Bu gün, dün aldıkları ipucu ile hareket edip Bay Hwang ve ekibini bulmaya gideceklerdi. İpucu, Bay Hwang'ın lüks bir otelde görülmesiydi. En üst kata çıkmış, o otelde kalıyordu. Ve büyük ihtimalle bu günde orada olacaktı.

"Ahh, bu avcılık işinden oldukça sıkıldım..-" Mun'un dediğini duydukları gibi tepki vermeye başladılar.
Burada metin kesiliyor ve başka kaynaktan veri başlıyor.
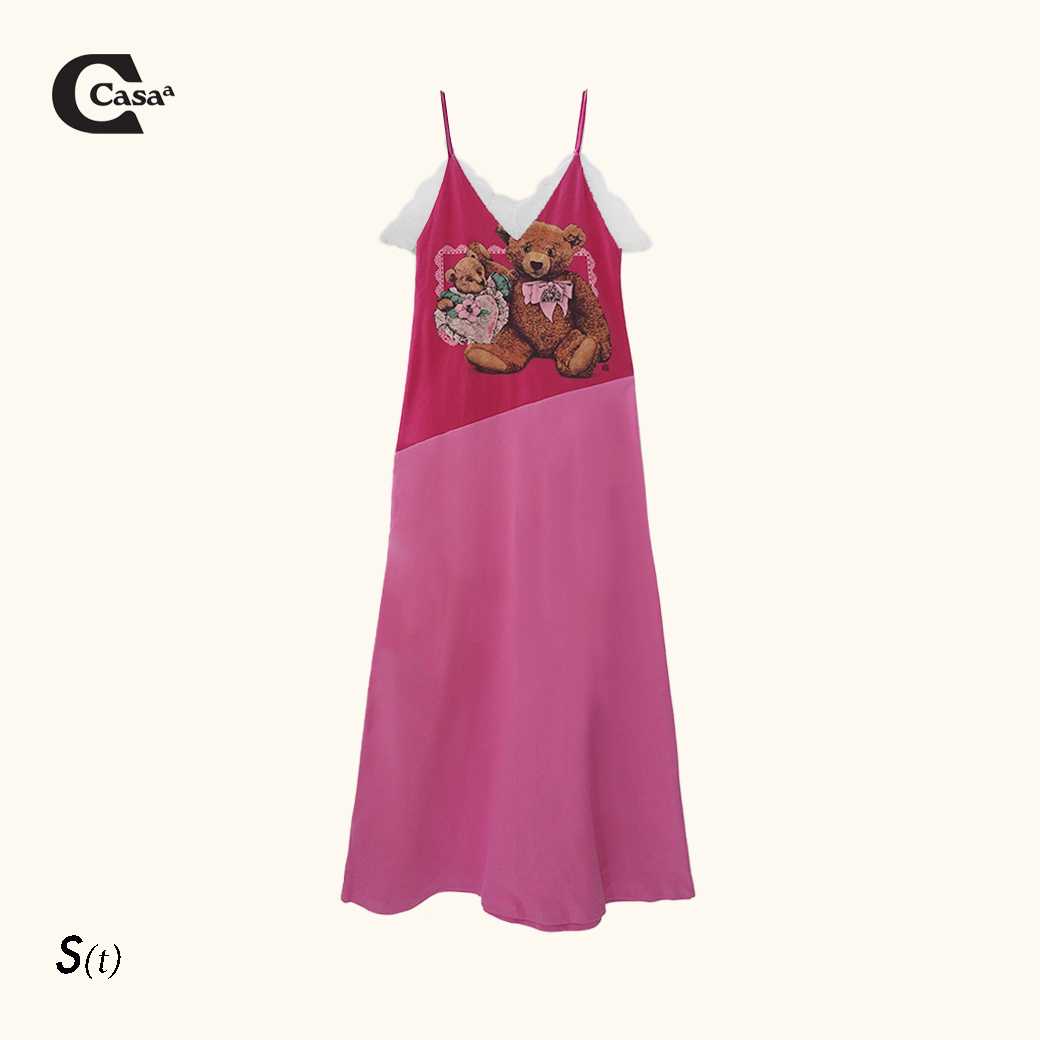 LACE TRIMMED DRESS (REWORK) S TALL
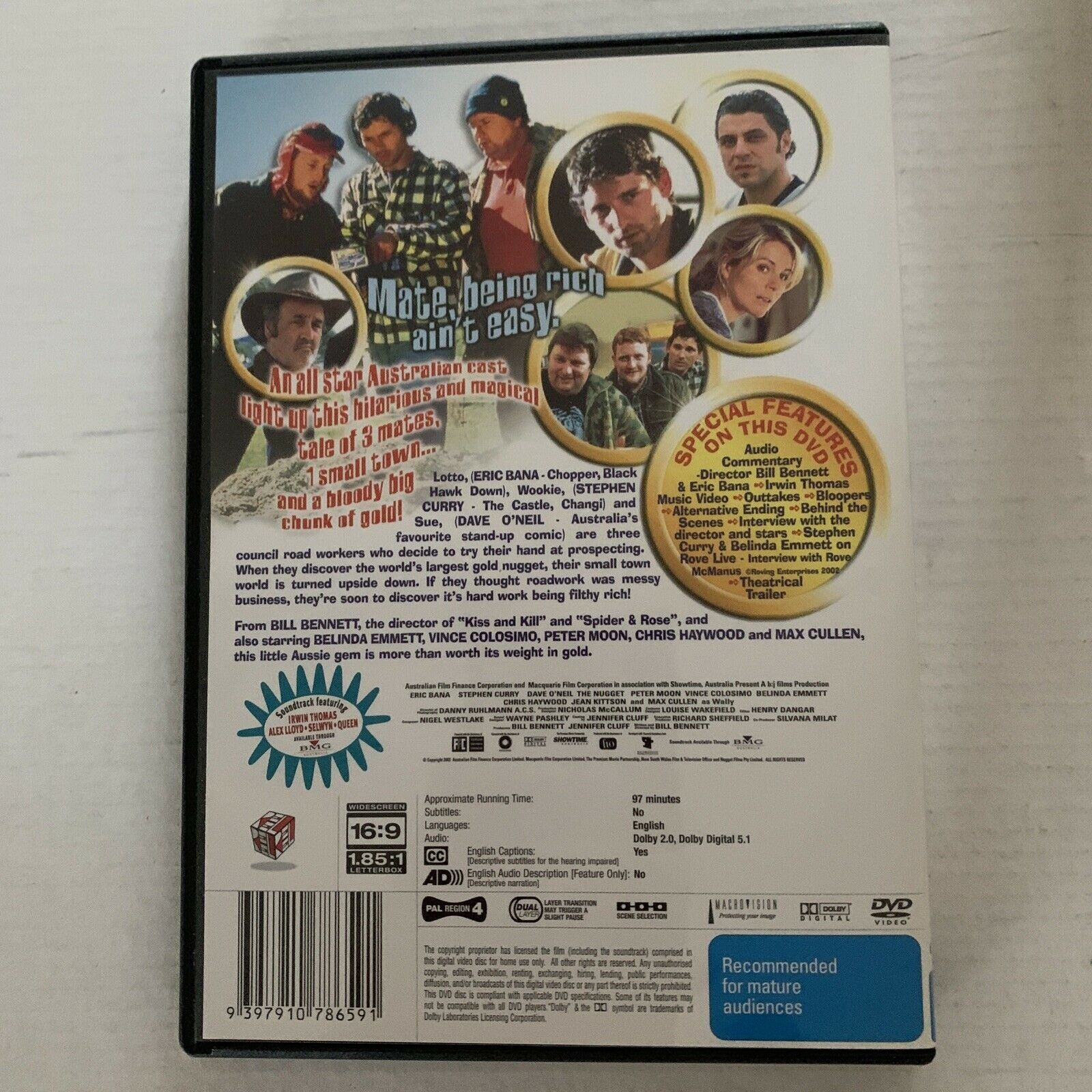 The Nugget (DVD, 2002) Eric Bana, Stephen Curry, Dave O'Neil. Region 4 ...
"Ne dedin sen?" Bayan Chu demişti.

"Ölmek mi istiyorsun?" Hana'ydı.

"Sıkılmak mı?" Motak.

(Ebedi hapishanede)

*Sıkıldım..*

"Sıkılmak mı? Bu, So-Mun'un sesiydi değil mi? Bir dakika, eğer onun sesini buradan duyabiliyorsam, buradan kaçmak için bir yolum var demektir! Bu sefer sana bir iyilik yapıp sıkıldığın işten seni alacağım sevgili baş düşmanım.." Cheong sin.

-

"Eğer ağzından bir daha 'sıkıldım' lafını duyarsam o ağzını iğne iplikle dikerim çocuk." Parmağını Mun'a doğrultup söyledi Motak.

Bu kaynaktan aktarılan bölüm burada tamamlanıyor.